The point is…when you have a big decision it is too late to build long-term trust if you have not already done so. You can ask for advice…but if they don’t have a track record with you…it’s just not going to be the same…they won’t know you enough about you to offer the best counsel possible.
Q1: Time and intentionality—Why are these fundamental to this concept?
Answer: We are busy or we are introverted or we are self-protective or proud…or we are all four. So, we have to “mean to do this”… “We have to mean for it to happen”…or it won’t just happen. “I’ve been around for years and don’t have close friends.” Time without intention is not enough…you have to decide to show up and keep deciding to show up and engage over time. “It ought to be easier to connect deeply…this is church.” No…it really shouldn’t be easier…it’s too important, too powerful…to ever be easy. It is possible and not beyond the reach of anyone willing to be intentional over time.
5 – Small groups are opportunities to connect with people in community…to know and be known
Q1: How are small groups designed and what is there purpose?
Answer: they are focused on
– In community…with the goal of transformation
Out of small groups come opportunities for one-to-one mentoring and other kinds of “give and take” relationships. But we are after change…transformation. So, without application in community…the information won’t change your life in positive ways.
Scripture passages used in sermon:
Proverbs 9:7-9 “Whoever corrects a mocker invites insult; whoever rebukes a wicked man incurs abuse. Do not rebuke a mocker or he will hate you; rebuke a wise man and he will love you. Instruct a wise man and he will be wiser still; teach a righteous man and he will add to his learning.”

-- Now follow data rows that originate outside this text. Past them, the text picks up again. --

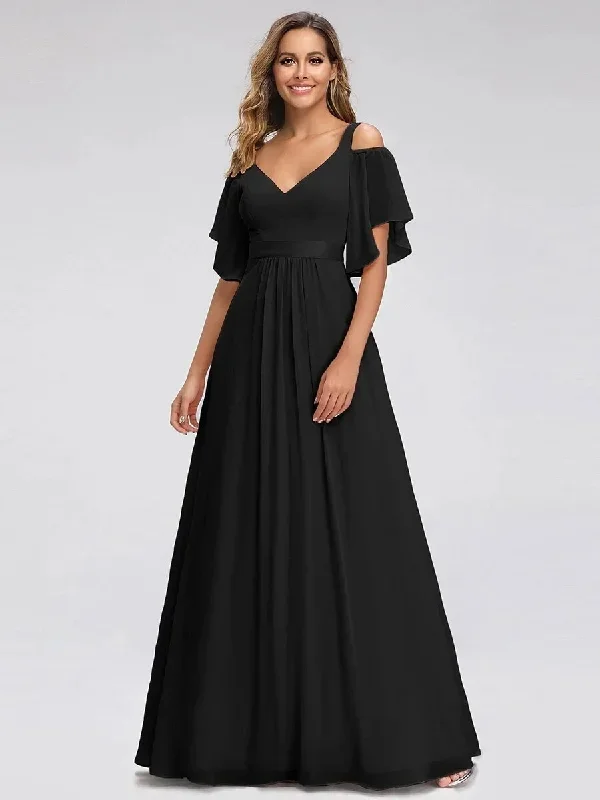 2022-ever-pretty-prom-dresses-longcold-shoulder-chiffon-wholesale-bridesmaid-dress-with-ruffle-sleevesgown-for-women-robes-de-bal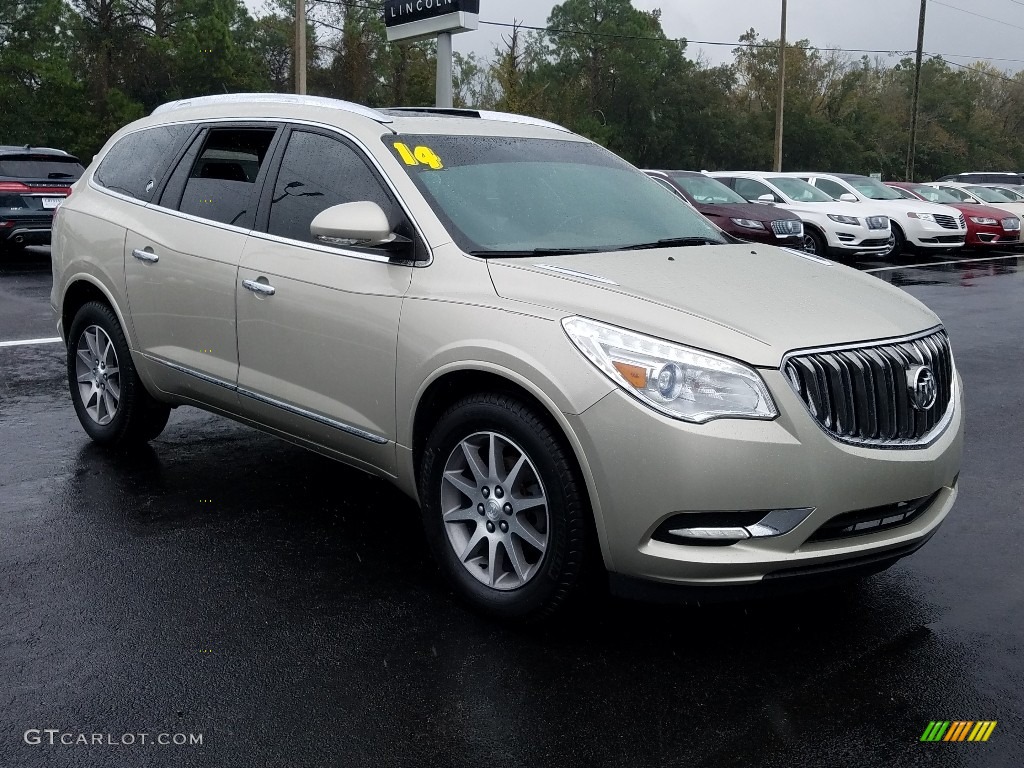 2014 Enclave Leather - Champagne Silver Metallic / Cocoa photo #7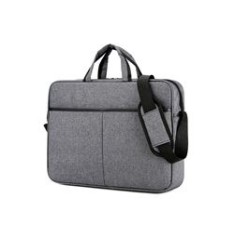 Geantă laptop universală, cu m&acirc;nere, gri, 15.6&rdquo;
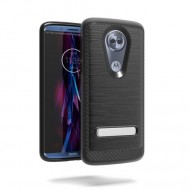 BRUSHED METALLIC W/ EDGE AND KICK FOR MOTOROLA moto g7 power_BLACK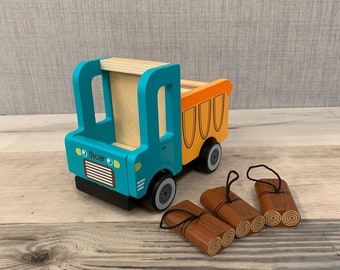 Personalised Wooden Construction Truck Toy - Personalised Toys - Dumping Truck - Children's Gifts - CE Tested Toys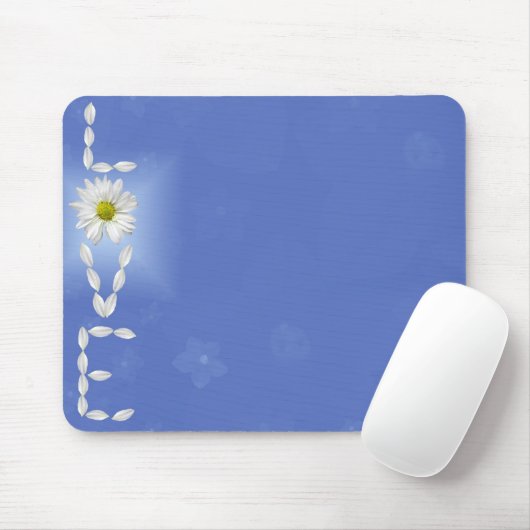 Tapis De Souris Bleu marais (Avec souris)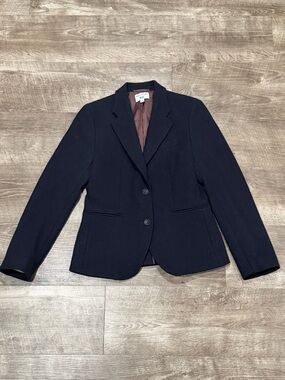 Uniqlo Ines De La Fressange Blazer Women XS Black Wool Blend Jacket Coat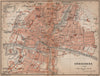 KÖNIGSBERG KALININGRAD town city stadtplan. Калининград. Russia 1900 old map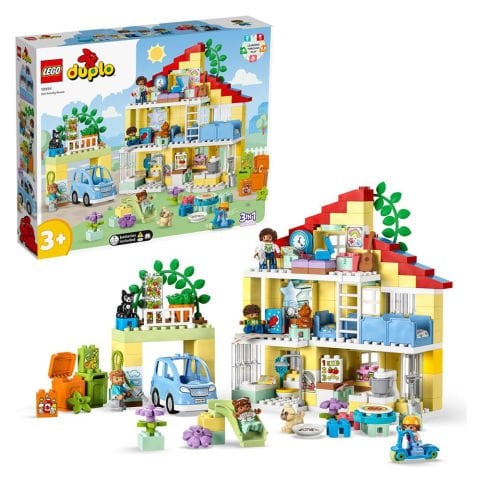 LEGO Duplo Kasabası 3’ü 1 Arada Aile Evi 10994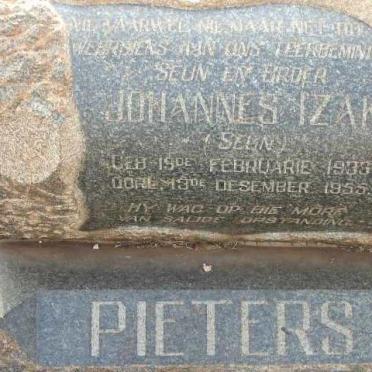 PIETERS Johannes Izak 193?-1955
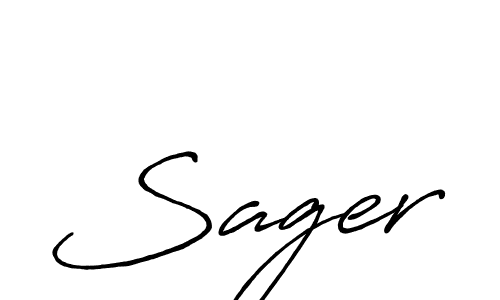 How to make Sager signature? Antro_Vectra_Bolder is a professional autograph style. Create handwritten signature for Sager name. Sager signature style 7 images and pictures png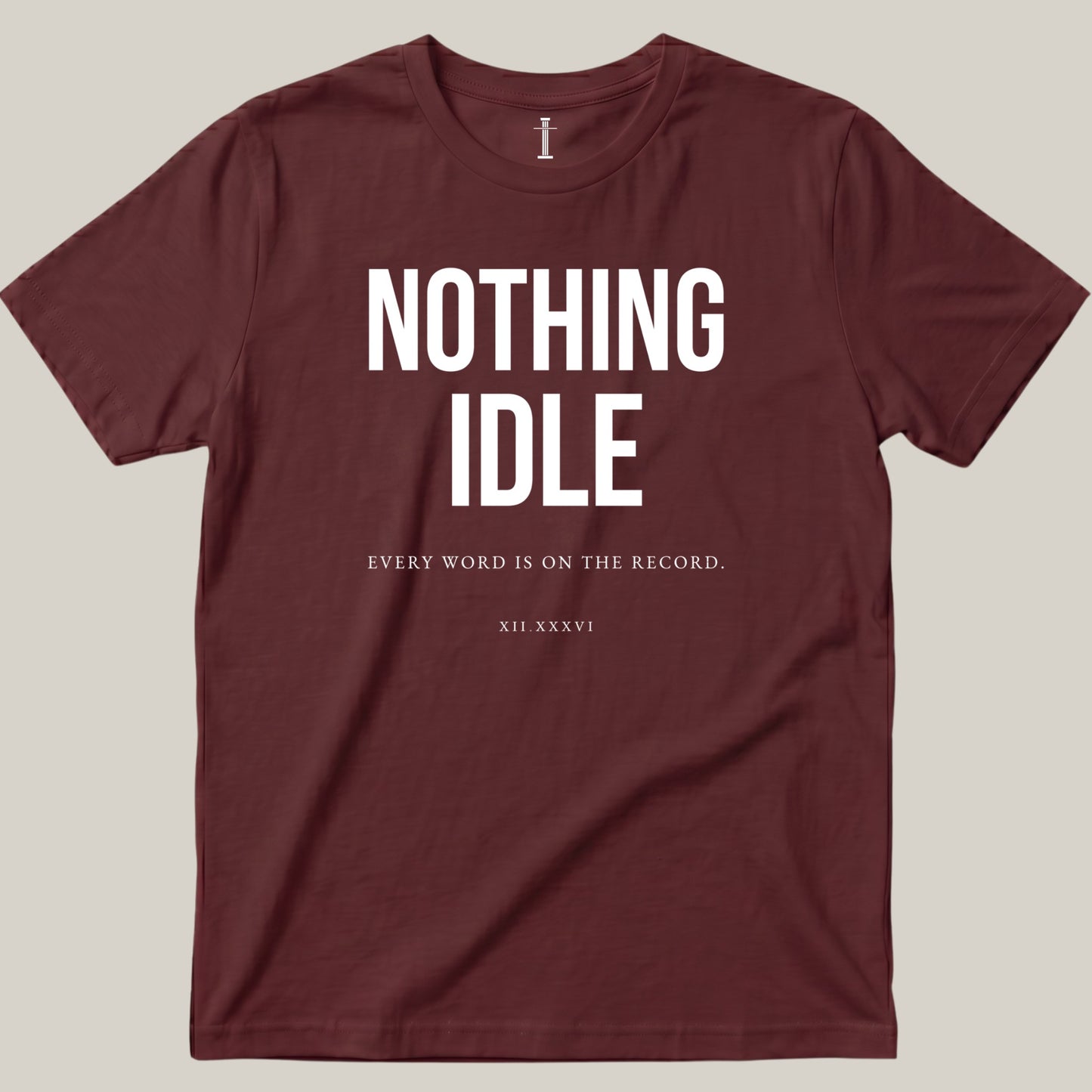 Nothing Idle.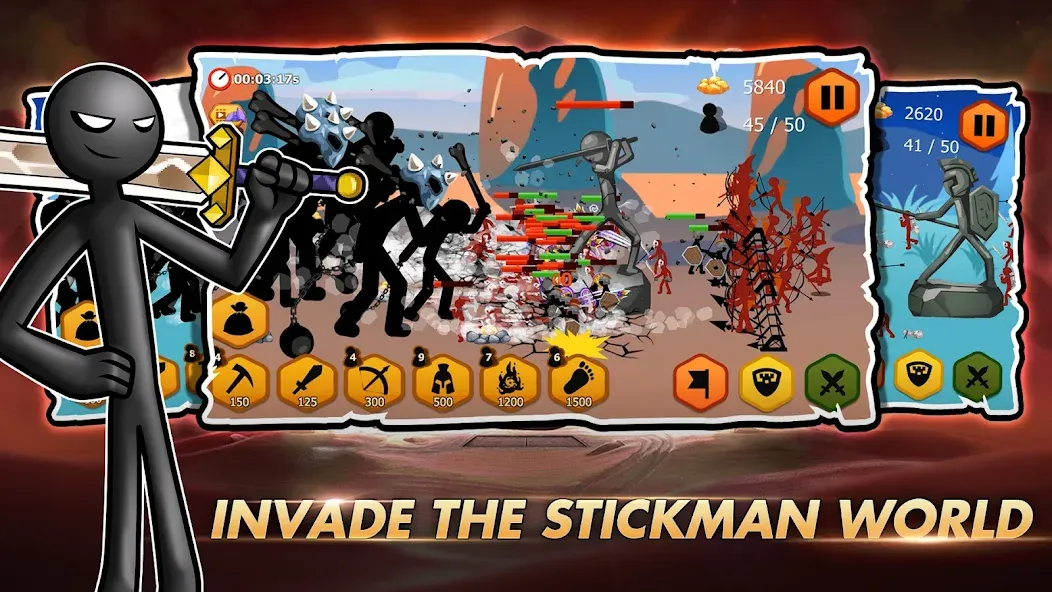 Stick Dynasty (Стритмен Баттл Уор)  [МОД Mega Pack] Screenshot 3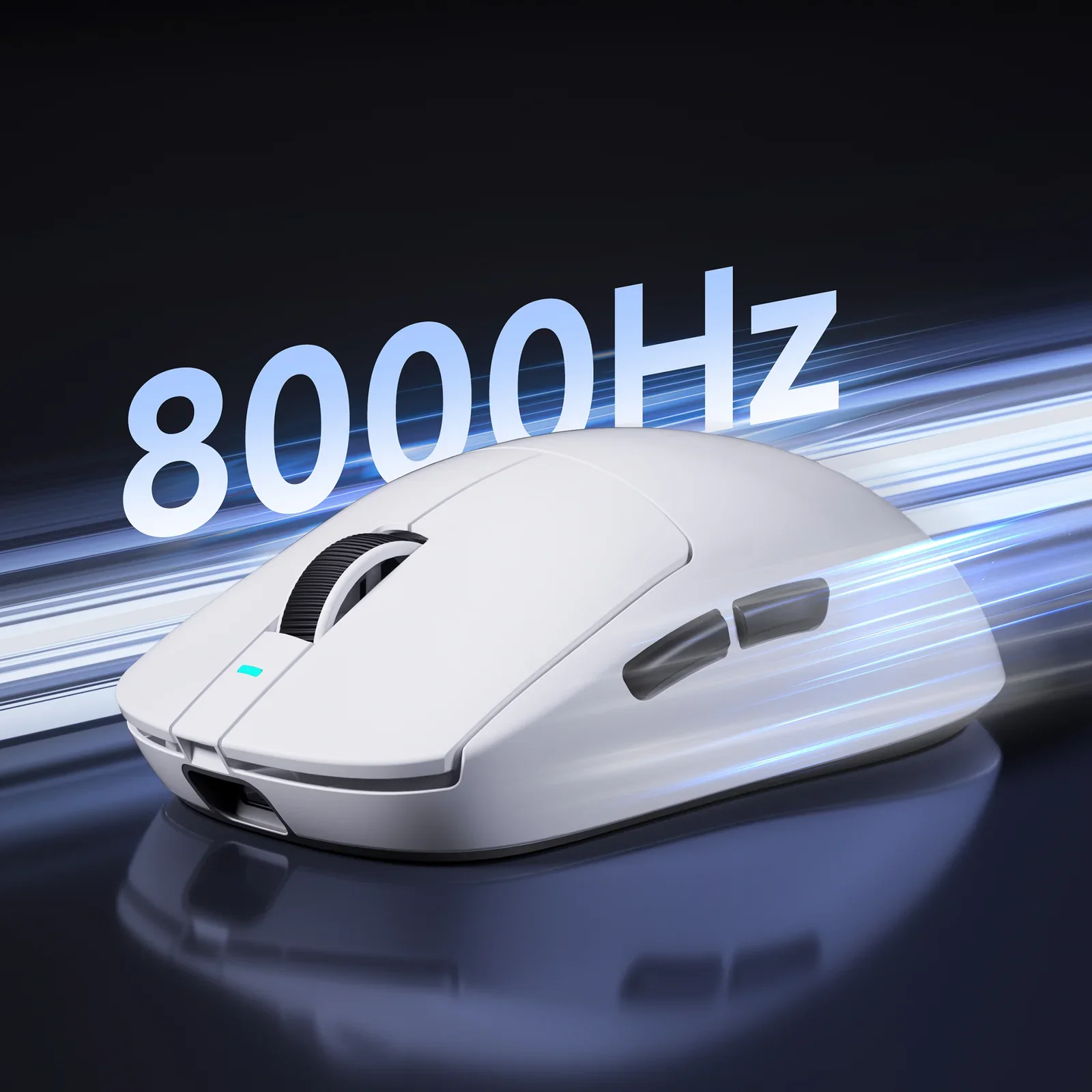 Souris Gaming MCHOSE A7 26K DPI Tri-Mode Sans Fil Bluetooth PAW3395 8KHz pour FPS & VALORANT, Légère, Souris Professionnelle de Jeu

Matthew 7:3-5 “Why do you look at the speck of sawdust in your brother’s eye and pay no attention to the plank in your own eye? How can you say to your brother, ‘Let me take the speck out of your eye,’ when all the time there is a plank in your own eye? You hypocrite, first take the plank out of your own eye, and then you will see clearly to remove the speck from your brother’s eye.
Matthew 7:6 “Do not give dogs what is sacred; do not throw your pearls to pigs. If you do, they may trample them under their feet, and then turn and tear you to pieces.”